There is something about one specific number that I like. But it also changes the way I play.
With GPS, I’m usually thinking about a zone. With a rangefinder, I’m thinking about a number.
Those are not the same thing.
By the end of the round, I had asked him for a few more yardages. That was when I realized I probably needed to bring a rangefinder back into play for a few rounds and see what happened.
The rangefinder changed my strategy
As soon as the rangefinder came back into play, I noticed a few things.
First, I got more aggressive.
Not reckless, exactly, but definitely more target-focused. A front, middle and back number makes me think about the whole green. A pin number makes me think about the flag.

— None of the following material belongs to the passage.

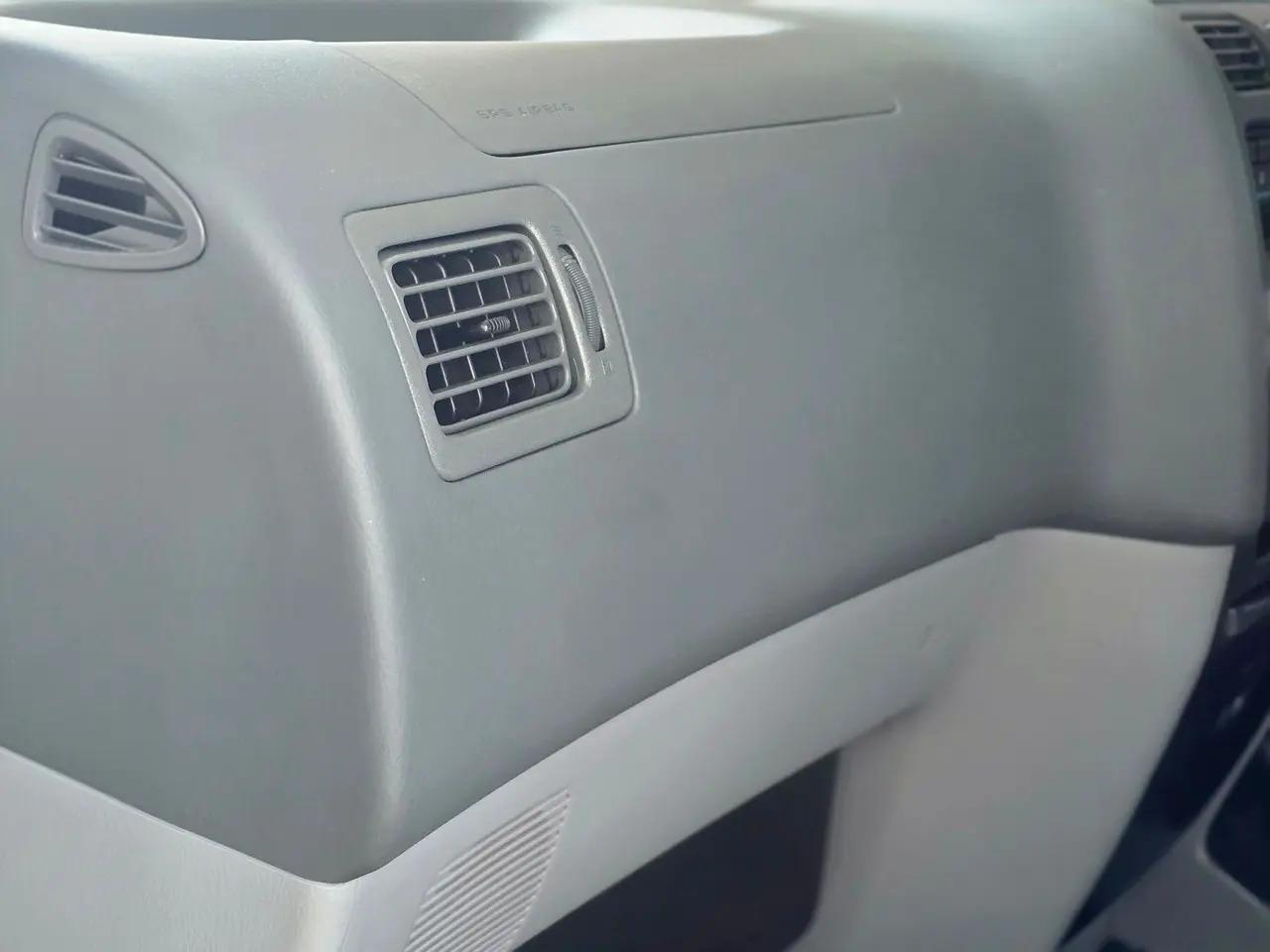 1996 Toyota Granvia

Second, I cared more about exact shot placement.
If I needed to lay up short of a bunker, carry a corner or hit to a specific area, the rangefinder made that easier. I started planning a little more instead of just looking at the general number and playing.
I noticed the biggest difference on par 3s.

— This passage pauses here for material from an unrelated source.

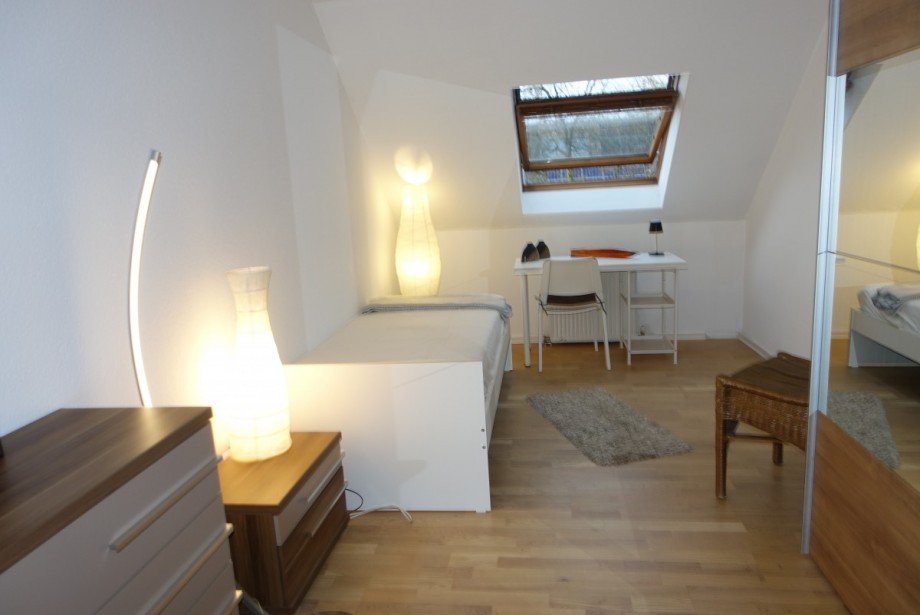 Zi links Dachgeschosswohnung Mannheim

With GPS, I’m usually looking at front, middle and back. That makes me think about the green as a whole.
With a rangefinder, everything gets more specific. That can be helpful when the pin is accessible or when I feel like I can be more aggressive. It gives me a clear target and helps me commit to the shot.
It can also be dangerous. Sometimes that exact pin number makes you think the flag is the target when the better play is still the middle of the green.
If I could only choose one
If you told me I could only have one (rangefinder or GPS), I would choose the GPS.
For the way most amateur golfers play, I think GPS yardages are more useful more often. The pin is not the target nearly as often as we think it is. The green is the target. Sometimes the safe side of the green is the target.
GPS helps you see that.
A rangefinder gives you precision. GPS gives you context.
The best answer is probably to have both but, if I had to pick one, I would rather have front, middle and back yardages than one exact pin number. I should mention that the Tour V7 Shift is the best rangefinder I have owned. Previously, I had budget rangefinders that took longer, couldn’t find targets as easily and just didn’t have the same ease of use.
The Wingman View made golf simpler for me. The Tour V7 Shift makes it more precise.
Now I’m trying to find the right balance between the two.
Anybody else with me on this or are you completely the opposite? Do you trust the rangefinder more than GPS, or has GPS changed the way you play?
Scott
8 seconds ago
I want to be in the same boat, but I live in Pennsylvania and most courses have some decent elevation changes, so GPS is only 75% accurate. But I totally agree with your assessment that the front/middle/back is better for most games than exact pin yardage. I’d also love to have my phone back in my bag, so I’d need to figure out how to track my score & stats.